Immer und immer wieder das gleiche Gespräch und immer wieder kamen sie auf dasselbe Ergebnis: ich war „Psychic Witch".
Doch der heutige Tag war anders. Wieder hörte ich den Leuten zu, wie sie über mich sprachen, doch diesmal... waren es Jungs? Normalerweise sind es Mädchen, die über mich tuschelten oder Gerüchte und Theorien verbreiteten. Allerdings handelte es sich diesmal weder um die üblichen Lästereien noch um irgendwelche Gerüchte. Als ich genauer hinhörte, konnte ich erkennen, dass es sich bei der einen Stimme um Tommy Hagen, ein Arschloch wie kein anderes, handeln musste. Die zweite Stimme kannte ich noch nicht, er musste der Neue Schüler sein, von dem ich bereits gehört hatte. Jedoch konnte ich schon raushören, dass er nicht zu der Sorte Mensch gehört, mit der ich gerne meine Zeit verbringen wollte.

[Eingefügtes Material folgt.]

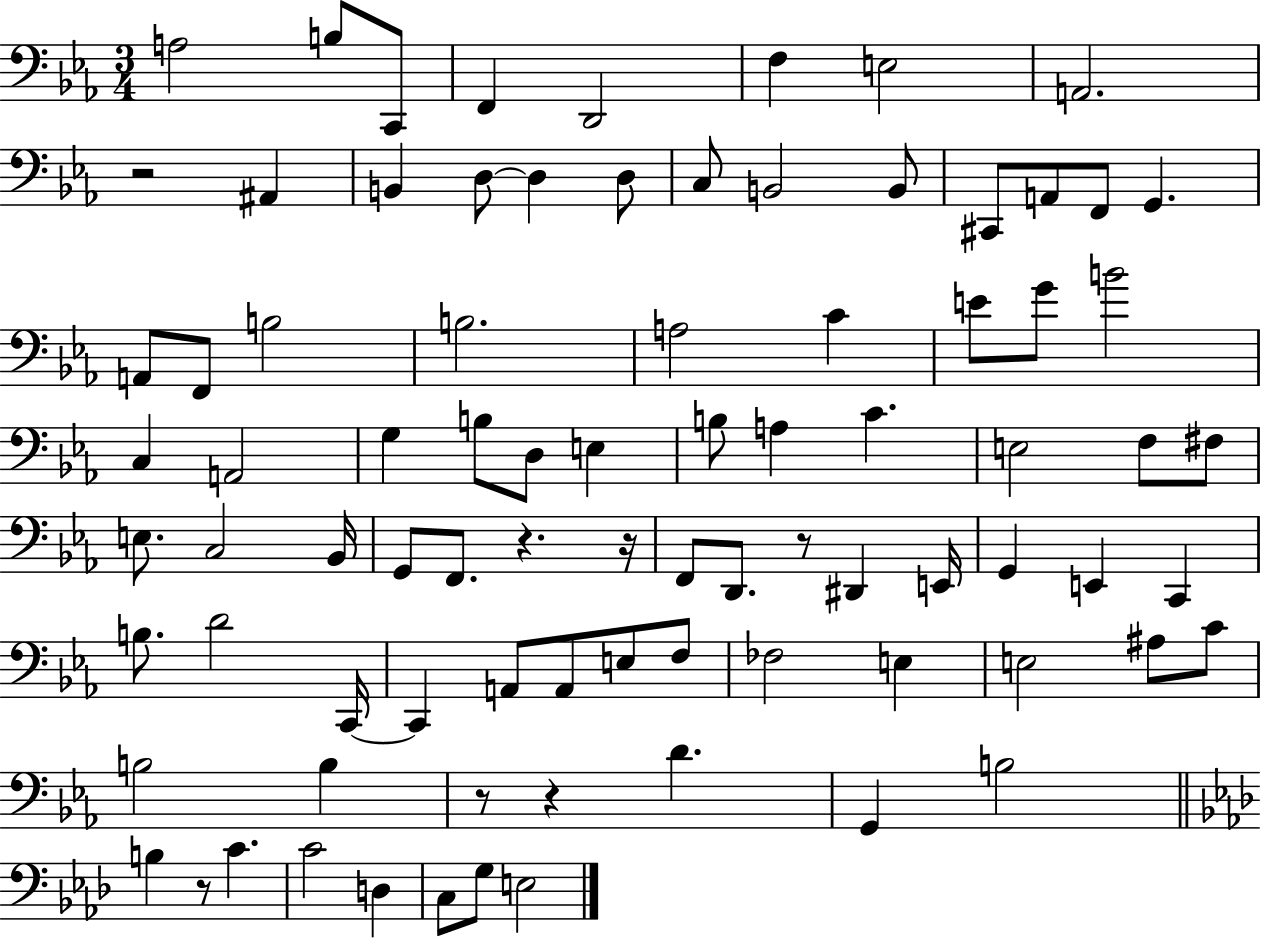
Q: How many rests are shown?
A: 7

Um besser verstehen zu können, was sie sagten, atmete ich ruhiger, senkte meinen Puls und begann, andere Geräusche um mich herum auszublenden. Je öfter ich das tat, umso schneller und besser wurde ich darin. Übung macht den Meister.
„Psychic Witch, huh?", sagte der Unbekannte belustigt. „Warum heißt sie so? Ist sie durchgeknallt?"
Dann lachte Tommy. „Scheiße, du hast echt keine Ahnung, oder? Die ist'n totaler Freak, ich sag's dir!"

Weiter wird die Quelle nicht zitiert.